Due to its enormous technological importance there is a renewed interest in the oxidation of copper. However, due to the complex nature of oxidation of copper, the existence and importance of Cu 3O 2, which is a metastable defect structure of Cu 2O, have not gained enough attention from researchers working on the oxidation of copper or copper alloys. The evidence for the Cu 3O 2 phase has been utilized to reinterpret previous Pulse Field Desorption Mass Spectrometry (PFDMS) and X-ray Photoelectron Spectroscopy (XPS) data.

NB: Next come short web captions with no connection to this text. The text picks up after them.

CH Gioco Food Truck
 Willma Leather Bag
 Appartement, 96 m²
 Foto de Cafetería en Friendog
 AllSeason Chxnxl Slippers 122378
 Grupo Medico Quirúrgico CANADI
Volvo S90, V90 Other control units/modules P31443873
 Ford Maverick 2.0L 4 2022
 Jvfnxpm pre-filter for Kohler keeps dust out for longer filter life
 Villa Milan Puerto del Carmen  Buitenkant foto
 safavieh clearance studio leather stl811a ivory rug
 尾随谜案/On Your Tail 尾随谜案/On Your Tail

With additional Linear Sweep Voltammetry (LSV) and Galvanostatic Reduction (GR) data, an attempt has been made to delineate the complex nature of the oxidation of copper based on the Modified Cabrera Mott (C–M) Model. It is also emphasized that surface scientists should recognize Cu 3O 2 in new studies on copper oxidation and in interpreting already existing copper oxidation data. Need for more vacuum and low-pressure-based studies is stressed to characterize the distinct overlayers that can be formed by temperature and pressure control. Surface studies of oxidation of metals and alloys need to be supported and complemented by other techniques such as chemical and electrochemical methods.